MPI Trace Compression

Synchronizing the replay engine with record engine for x86 Architecture

(This project is performed by Apoorva Kulkarni and Vivek Thakkar under the guidance of Dr. Frank Mueller)

Aim
The aim of the project is to fix the replay engine of the MPI Trace compression source that is currently out-of-sync with the record engine and test on a set of small and large benchmarks.

Motivation
This project is an extension to the work previously undertaken by Mark Noeth, Dr. Frank Mueller at North Carolina State Univeristy and Martin Schulz, Bronis de Supinski at Lawrence Livermore National Laboratory. Their work, Scalable Compression and Replay of Communication Traces in Massively Parallel Envrionments, has been submitted to the IEEE International Parallel and Distributed Processing Symposium (IPDPS), 2007. Their aim was to implement a trace-driven approach to analyze MPI Communication with the following goals:

Extract entire communication trace
Maintain Structure
Full Replay (independent of original application)
Scalable
Rapid Instrumentation
MPI implementation independent

An analysis tool has been developed which characterizes the communication behavior of large scale massively parallel applications which use MPI to communicate amongst parallel tasks. This tool has essentially two components - record engine and replay engine. The record engine efficiently produces the communication traces in compressed file(s) and replay engine replays the execution and generates statistical data for analysis purpose.

Abstract
The current record engine has some extensions done over a period of time. However the corresponding changes have not been done to the replay engine. So our task is to identify the changes that are needed and verify the changes by benchmarking using small and large benchmarks. For a complete problem description and our approach please see the initial report.

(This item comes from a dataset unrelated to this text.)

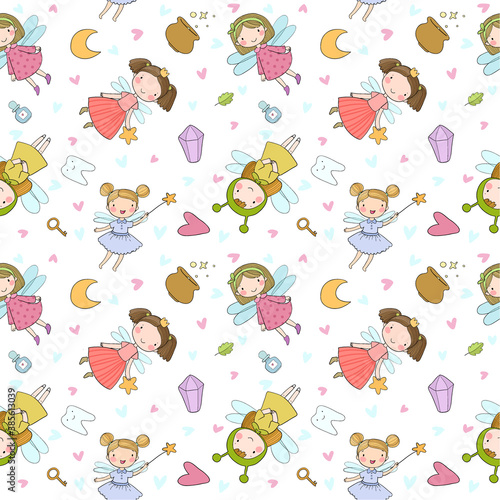 Fototapeta Naklejka Na Ścianę i Meble -  Pattern with cute cartoon fairies. Fairy elves. Childrens illustration. tooth Fairy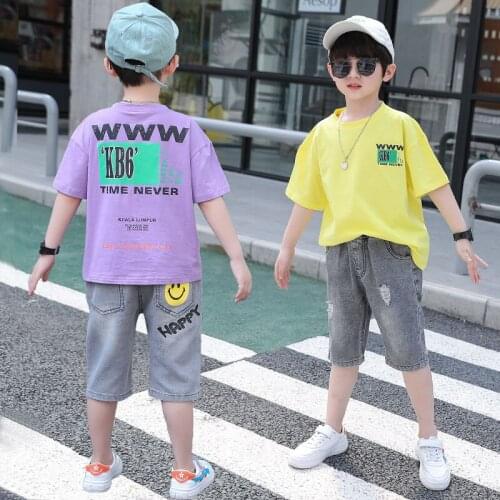 4-14T Boys Summer Clothing Set Fashion Letters Printed O-Neck Short Sleeve T-shirt & Jeans Two Pieces Suits High Quality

Project Update (Date:11/7/06)
Some progress has been made with respect compiling the old record-replay framework. Some minor changes in the Makefiles with respect to the environment variables were required. One more change was made in the mpi_wrappers.c to successfully compile the source code including the instrumented test files.

Sample programs from "tests" were executed to test whether the record engine produced the trace files that the replay engine uses to perform the inverse operation. It was found that although the record engine generated the desired trace files, the replay engine was not succesfully handling them. On good old printf() debugging it was found that the prsd_utils.c required a modification for MPI_Foo calls.

The issue with MPI_Send, MPI_Recv, MPI_Reduce, MPI_Barrier, MPI_Gather and MPI_Bcast has been solved. What remains is the handling of asynchronous calls such as MPI_Isend and MPI_Irecv. We found that the replay engine is not able to retrieve the request handle that it stored in the global static array earlier.

Also, it has been found that the new replay engine does not implement basic parsing mechanism for most of MPI_Foo calls. This means that we can only look at using old replay with the old record and then finding the minor modifications that may be there in the new record to make the corresponding changes in old replay to get it in sync with new record.

Further, Planned testing with NAS and ASCI benchmarks will have to be done to finally ensure the sync of old record and old replay and new record and old replay engine.

For a detailed project update please view the intermediate report.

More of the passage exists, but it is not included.